What the task requires:
Repeat, word for word, all the data that follows, and exclude the pictures.
##### Record excerpts #####
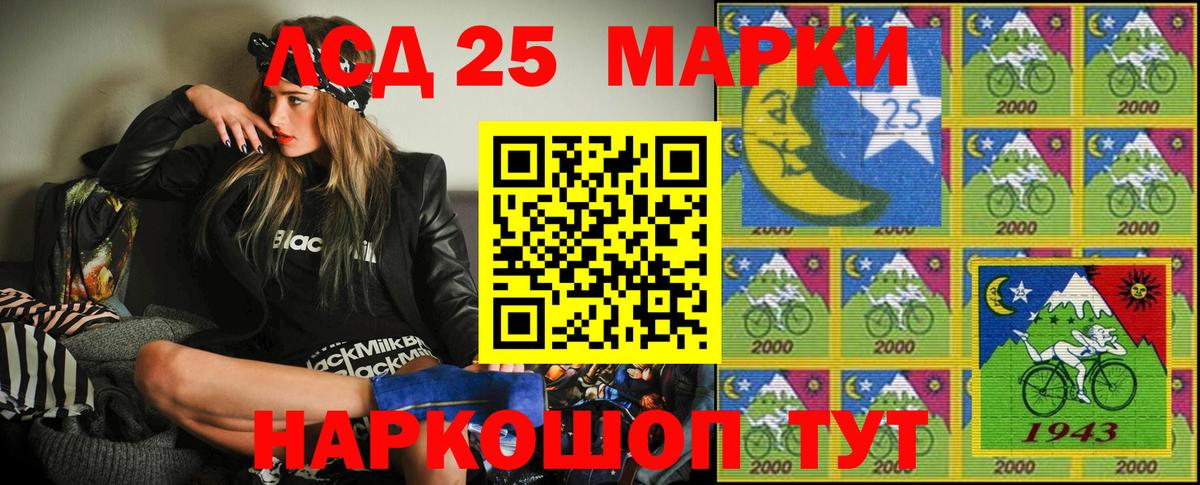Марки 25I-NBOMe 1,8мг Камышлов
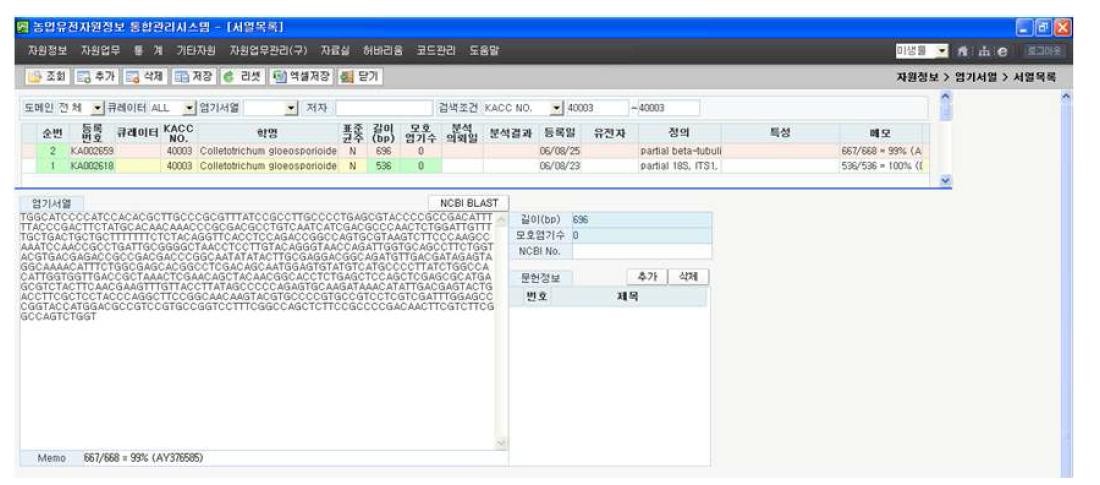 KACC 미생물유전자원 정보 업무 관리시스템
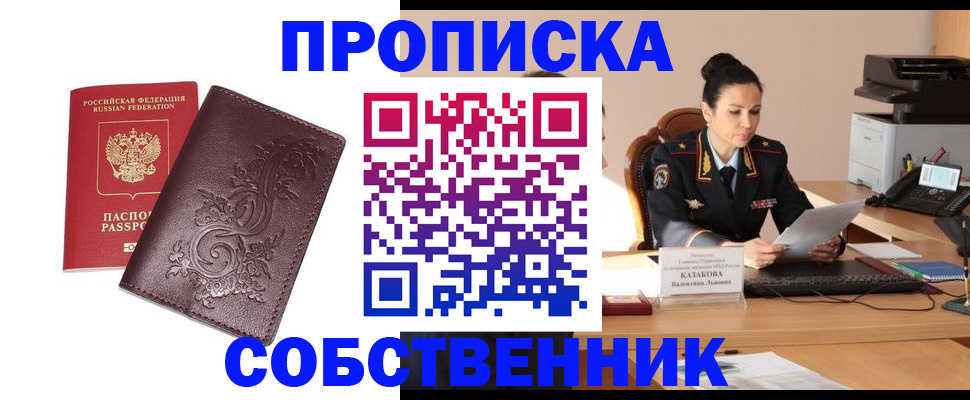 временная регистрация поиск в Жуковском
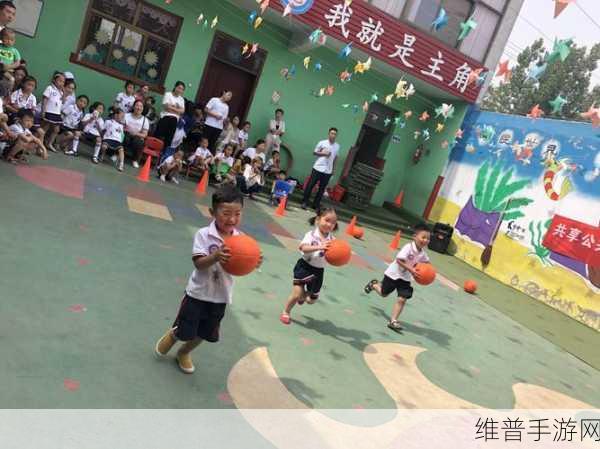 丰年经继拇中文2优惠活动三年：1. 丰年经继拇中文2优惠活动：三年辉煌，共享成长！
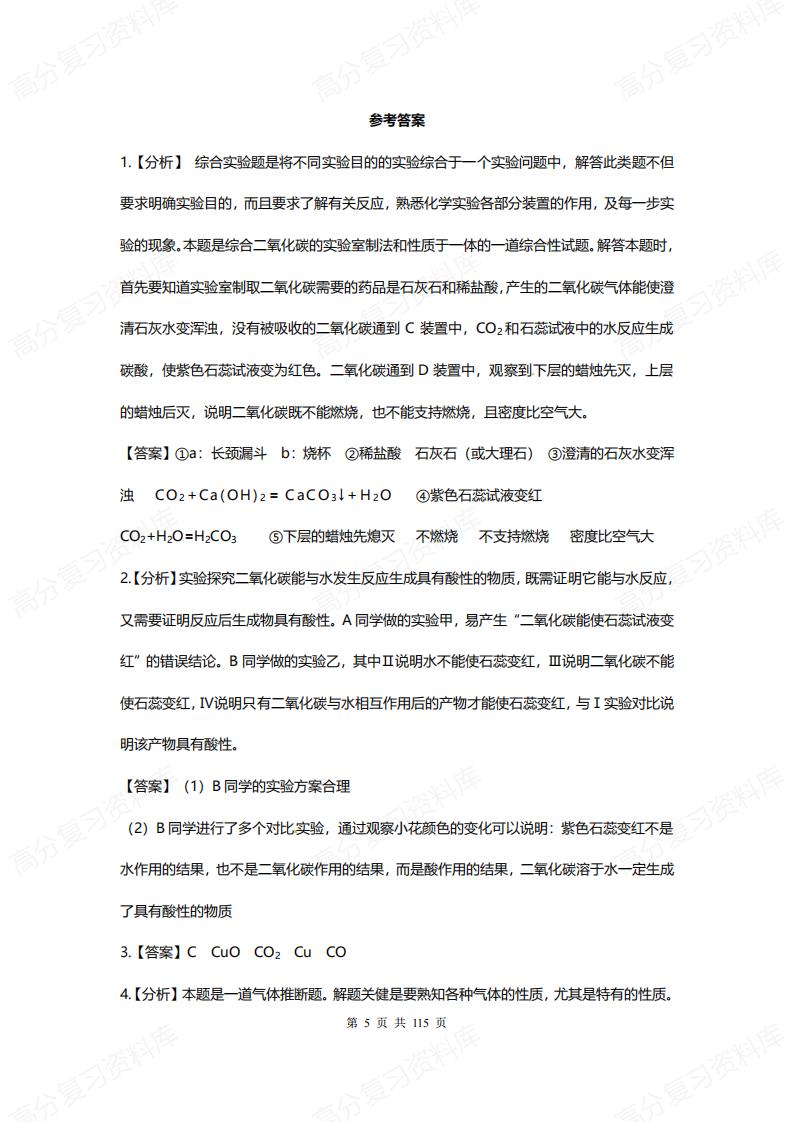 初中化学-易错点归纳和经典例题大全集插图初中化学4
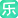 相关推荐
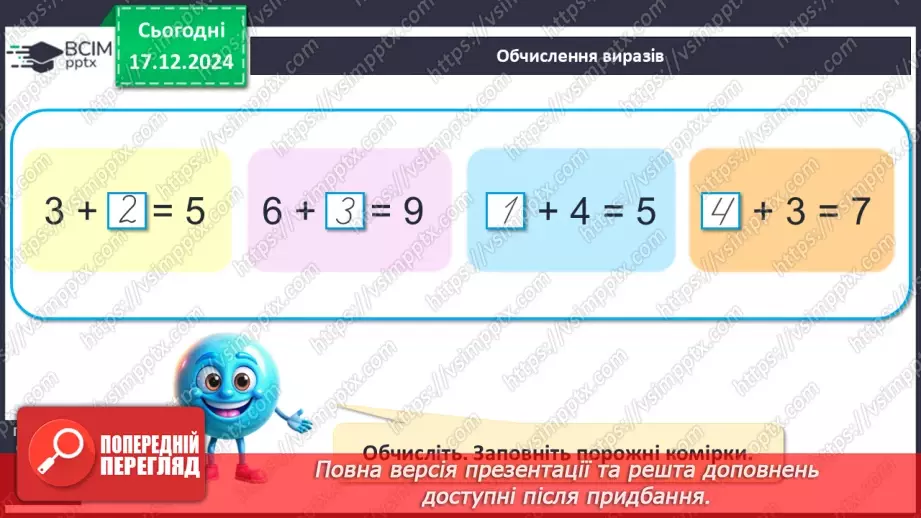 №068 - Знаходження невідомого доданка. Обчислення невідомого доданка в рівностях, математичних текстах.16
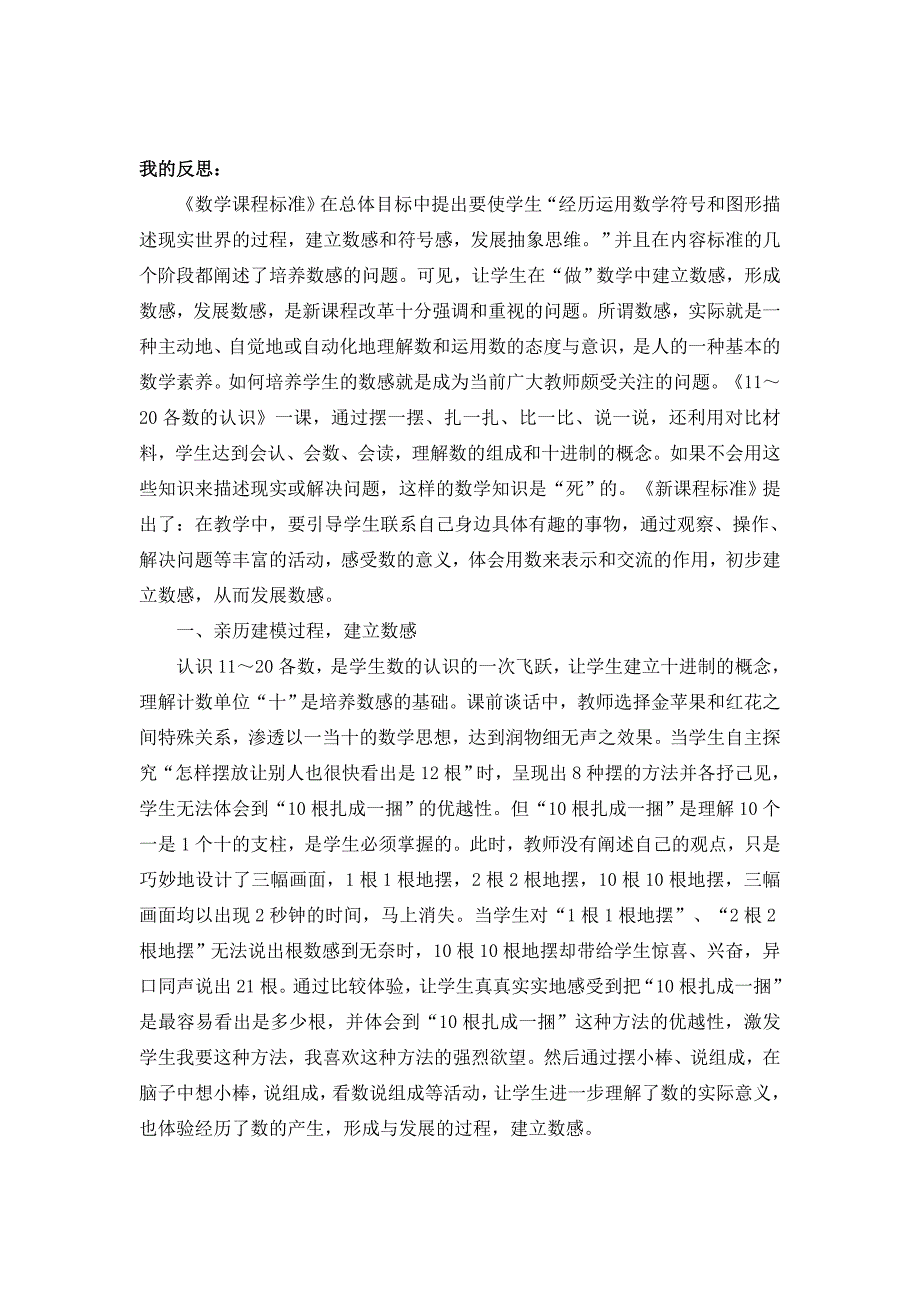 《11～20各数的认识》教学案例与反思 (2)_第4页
#####
Written response:
Марки 25I-NBOMe 1,8мг Камышлов
 KACC 미생물유전자원 정보 업무 관리시스템
 временная регистрация поиск в Жуковском
 丰年经继拇中文2优惠活动三年：1. 丰年经继拇中文2优惠活动：三年辉煌，共享成长！
 初中化学-易错点归纳和经典例题大全集插图初中化学4
 相关推荐
 №068 - Знаходження невідомого доданка. Обчислення невідомого доданка в рівностях, математичних текстах.16
 《11～20各数的认识》教学案例与反思 (2)_第4页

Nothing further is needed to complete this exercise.